23 January 2019, by Nicholas Quek
It’s not often that I get asked about my dating life. Even during Chinese New Year, my relatives have long moved past interrogating me and my siblings about finding a partner.
So to be asked ‘Is it hard finding a girlfriend in Singapore?’ while seated in a farm cabin sipping a cup of homemade kombucha – a type of fermented juice made using yeast culture – came as a surprise.
My family was up in Windsor, Canada visiting some friends, and we were chilling in the living room after a hearty supper when Kris – a middle-aged Canadian woman with 5 (yes FIVE) children – dropped the question to me and my sister.
She was worried that her eldest son, now 28, would not get married. He had been on several dates, but had yet to find someone he liked.
So she decided to turn to the two foremost experts in the realm of dating in a small Canadian town – two Singaporeans, neither of whom had ever been attached.
To be fair, her question seemed to come from a place of curiosity regarding dating in the Singapore context, as opposed to a plea for advice. Windsor, Canada is hardly a parallel to Singapore. Yet as our conversation progressed, it became clear that there were several parallels that made dating, if not harder, more complicated than before.

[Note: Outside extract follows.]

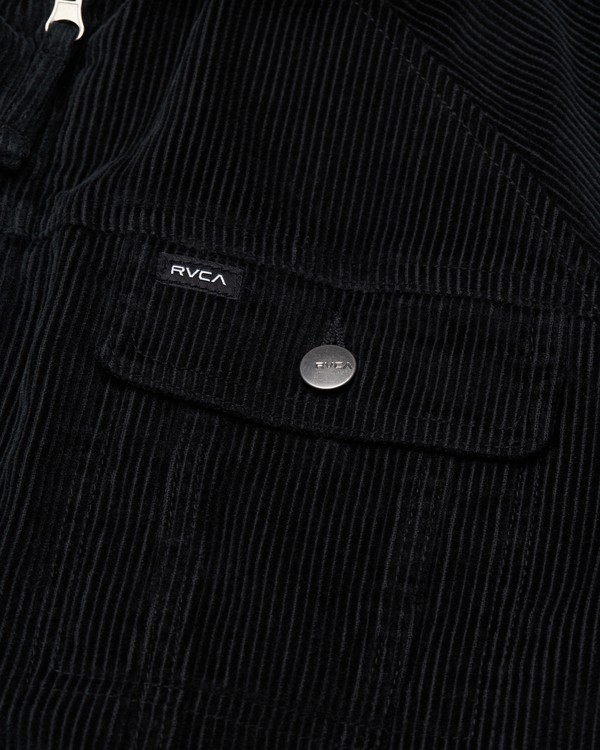 10 Tally Black EVJJK03006 RVCA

Perhaps the clearest parallel – the one I am focusing on – is that the term ‘dating’ has become lost in translation.
Dating can mean, ‘let’s just text every day and see where this goes’. It can also mean, ‘let’s call ourselves boyfriend and girlfriend, but keep our Tinder accounts’.
Kris summed it up well, ‘You meet a lot more people, but there are so many different kinds of ‘meeting’. When does a meeting mean something? When does it not?’ What does a text mean?
How long should we be talking before I ask if it’s serious? Is it healthy to be texting someone every day if we’re not ‘dating’?
I wouldn’t say I’ve decided not to date. Aside from the fact that it sounds more like a convenient way to explain away the lack of attraction women might have for me, the absence of romance in my life has more to do with the fact that dating can be confusing.
What is dating? Maybe I am dating someone and just don’t know it!
As ridiculous as that may sound, the reality is that there is now such a huge range / types / forms of emotional commitment that might fall under the umbrella term ‘dating’.
The only kind of dating I am interested in is the kind that has marriage in mind. To be clear, there’s nothing intrinsically wrong with wanting a casual dating relationship with no clear future in mind; I have plenty of friends who not only have had those relationships, but have ended them amicably.
As for me however, I’m not particularly interested in a dating relationship that doesn’t look toward some sort of committed future together.
I am in no way prescribing this sort of philosophy for anyone. This however I do prescribe, that whatever sort of relationship you pursue with someone else, remember that they too are people who have their own sets of expectations and ideas of what ‘dating’ is. Clarifying that will save you from a world of heartbreak.
I don’t foresee myself dating for awhile. But then again I don’t even know what I’m having for lunch tomorrow. Some things are better left unfixed.